═══ Entries supplied ═══

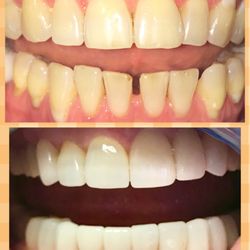 Downers Dental - Complete makeover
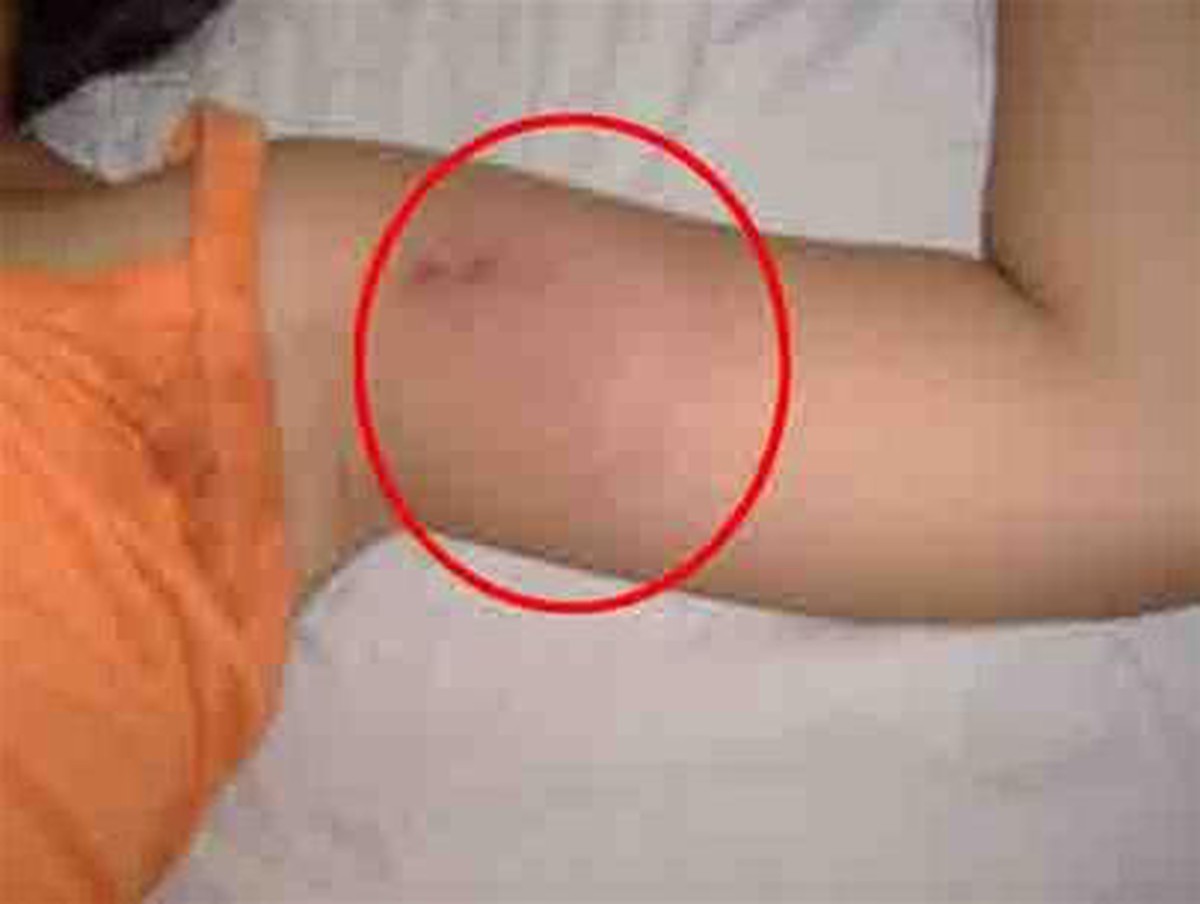 Dấu Răng Chuột Cắn: Nhận Biết, Phòng Tránh và Khắc Phục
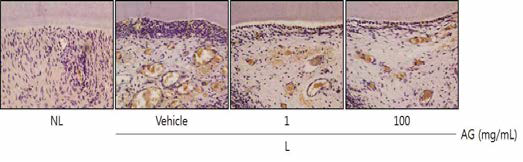 Histological photographs of TRAP-stained sections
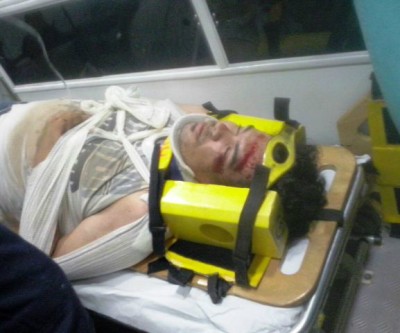 Universitário de 22 anos quebra clavícula ao passar em buraco 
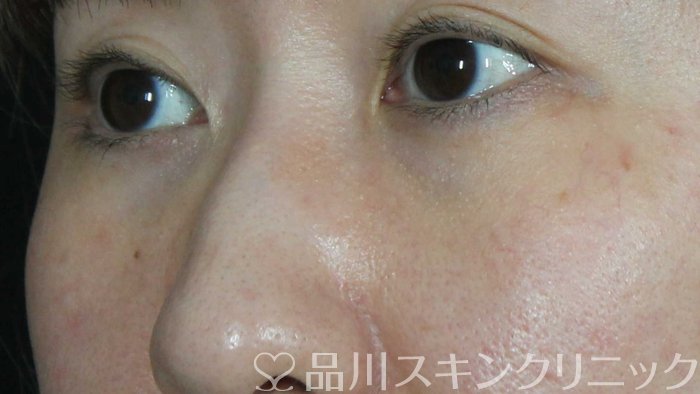 症例NO.71818のAFTER写真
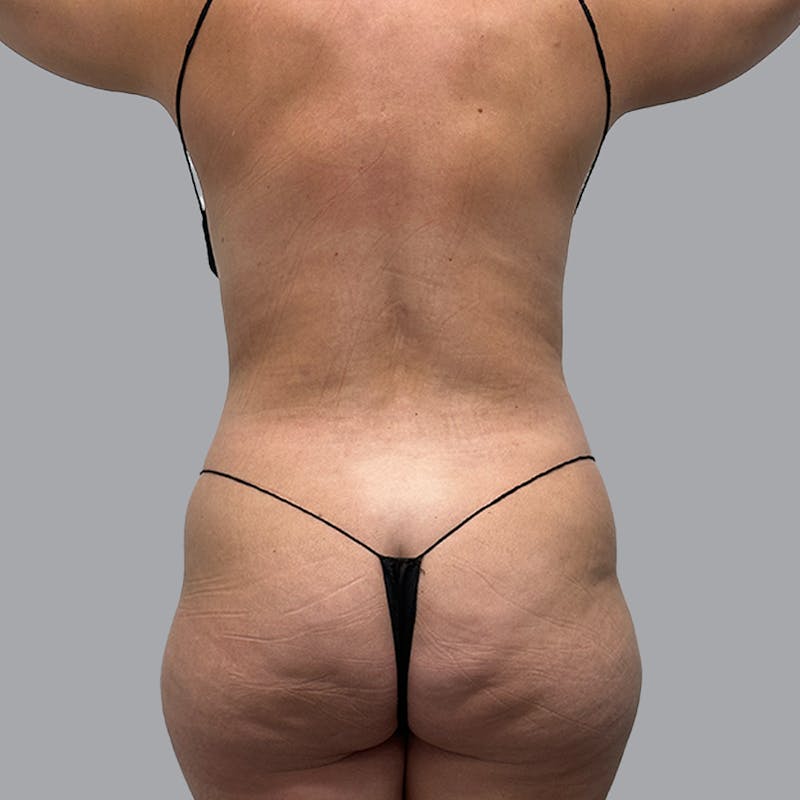 Body Liposuction Before & After Gallery - Patient 221103 - Image 1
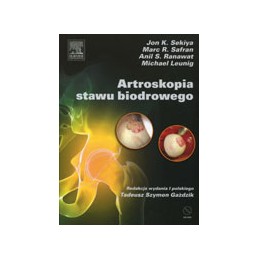 Artroskopia stawu biodrowego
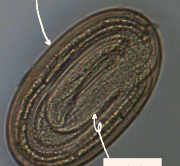 <p>Which stage of larvae is this? </p>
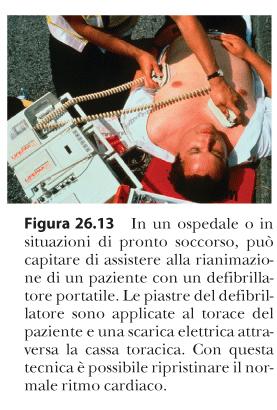 Defibrillatore Una batteria carica un condensatore ad elevata d.d.p, immagazzinando una grande quantità di energia in meno di un secondo.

═══

▶ What to work on
Please print all the entries exactly as written, but drop the pictures.

▶ Response to this task
 Downers Dental - Complete makeover
 Dấu Răng Chuột Cắn: Nhận Biết, Phòng Tránh và Khắc Phục
 Histological photographs of TRAP-stained sections
 Universitário de 22 anos quebra clavícula ao passar em buraco 
 症例NO.71818のAFTER写真
 Body Liposuction Before & After Gallery - Patient 221103 - Image 1
 Artroskopia stawu biodrowego
 <p>Which stage of larvae is this? </p>
 Defibrillatore Una batteria carica un condensatore ad elevata d.d.p, immagazzinando una grande quantità di energia in meno di un secondo.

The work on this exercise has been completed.